Straßenumbenennungen

Der Ärger von Bürgern und Anwohnern über geplante oder bereits vollzogene Straßenumbenennungen beschränkt sich nicht auf Münster. Auch in anderen Kommunen regt sich Widerstand, wenn Politiker über die Köpfe der Betroffenen entscheiden:

In essen hat eine Bürgerinitiative gegen die von der Bezirksvertretung beschlossene Umbenennung der Von-Seeckt-Straße sowie der Von-Einem-Straße erfolgreich einen Bürgerentscheid durchgesetzt. Mit 3.001 gültigen Unterschriften ist Anfang dieses Monats das nötige Quorum von 2.734 Unterschriften locker erreicht worden. Nun können die 46.000 Einwohner des betroffenen Stadtbezirks abstimmen.
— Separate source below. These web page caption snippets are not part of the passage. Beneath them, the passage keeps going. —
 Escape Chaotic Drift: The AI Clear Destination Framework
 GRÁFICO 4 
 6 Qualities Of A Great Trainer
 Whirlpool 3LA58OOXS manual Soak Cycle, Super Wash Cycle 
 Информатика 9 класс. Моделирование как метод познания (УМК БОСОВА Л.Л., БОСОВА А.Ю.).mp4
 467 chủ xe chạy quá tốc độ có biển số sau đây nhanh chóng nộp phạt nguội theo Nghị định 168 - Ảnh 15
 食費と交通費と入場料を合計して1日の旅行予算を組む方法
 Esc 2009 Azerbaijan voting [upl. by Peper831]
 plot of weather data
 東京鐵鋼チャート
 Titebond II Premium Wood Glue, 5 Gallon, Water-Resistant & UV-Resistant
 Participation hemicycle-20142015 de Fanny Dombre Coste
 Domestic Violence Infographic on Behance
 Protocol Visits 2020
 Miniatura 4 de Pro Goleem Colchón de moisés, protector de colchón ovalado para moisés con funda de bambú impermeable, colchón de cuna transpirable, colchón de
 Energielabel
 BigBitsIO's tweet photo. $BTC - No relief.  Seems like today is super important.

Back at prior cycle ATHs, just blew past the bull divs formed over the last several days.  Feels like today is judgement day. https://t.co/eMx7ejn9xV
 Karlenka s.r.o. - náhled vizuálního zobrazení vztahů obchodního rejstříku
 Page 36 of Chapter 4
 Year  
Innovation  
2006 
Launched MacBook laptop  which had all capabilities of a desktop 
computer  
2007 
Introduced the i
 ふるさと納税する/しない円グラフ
Sprechen sich 15 Prozent der Wahlberechtigten gegen die Umbenennung aus, wäre der Beschluß der Bezirksvertretung hinfällig und die Straßen hießen weiter nach den beiden preußischen Generälen.

Im März vergangenen Jahres wurde in hannover die Umbenennung der Lettow-Vorbeck-Allee in Namibia-Allee per Gerichtsbeschluß bestätigt. Beim deutschen Kolonialoffizier Paul von Lettow-Vorbeck handle es sich laut Verwaltungsgericht „um eine Person, die Ziele und Wertvorstellungen verkörpert, die im Widerspruch zu den Grundsätzen der Verfassung stehen“. Deswegen sei die vom Rat der Stadt beschlossene Umbenennung „verhältnismäßig“, die Unannehmlichkeiten für die Anwohner, die dagegen geklagt hatten, hinnehmbar.

In braunschweig sprach sich 2011 ein Ortsrat dagegen aus, die Dichterin Agnes Miegel aus dem Straßennamen zu tilgen, nachdem dies 90 Prozent der befragten Anwohner abgelehnt hatten.